INFORMATION SHOWN:
--*--
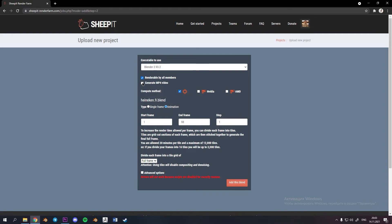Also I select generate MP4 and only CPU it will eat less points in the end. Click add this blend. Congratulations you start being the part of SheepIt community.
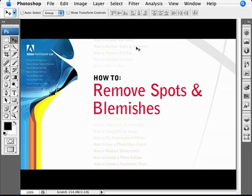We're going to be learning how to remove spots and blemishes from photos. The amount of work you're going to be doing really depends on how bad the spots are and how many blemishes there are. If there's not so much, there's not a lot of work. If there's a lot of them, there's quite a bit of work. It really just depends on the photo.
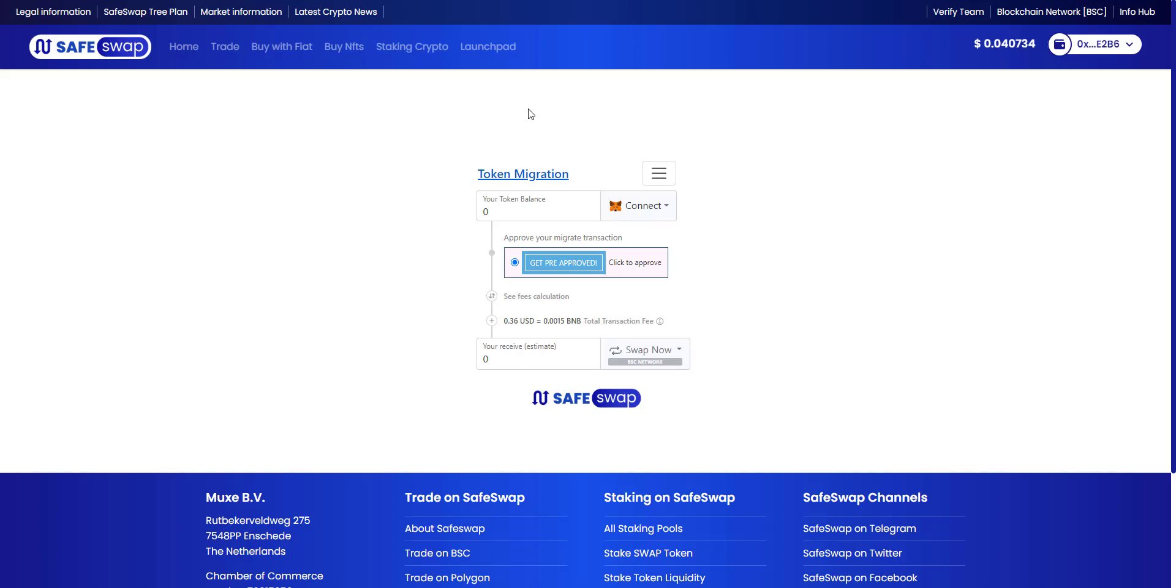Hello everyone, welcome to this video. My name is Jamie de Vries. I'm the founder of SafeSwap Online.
--*--
YOUR INSTRUCTIONS: With the pictures left out, return all the material above exactly.

THE ANSWER:
Also I select generate MP4 and only CPU it will eat less points in the end. Click add this blend. Congratulations you start being the part of SheepIt community.
We're going to be learning how to remove spots and blemishes from photos. The amount of work you're going to be doing really depends on how bad the spots are and how many blemishes there are. If there's not so much, there's not a lot of work. If there's a lot of them, there's quite a bit of work. It really just depends on the photo.
Hello everyone, welcome to this video. My name is Jamie de Vries. I'm the founder of SafeSwap Online.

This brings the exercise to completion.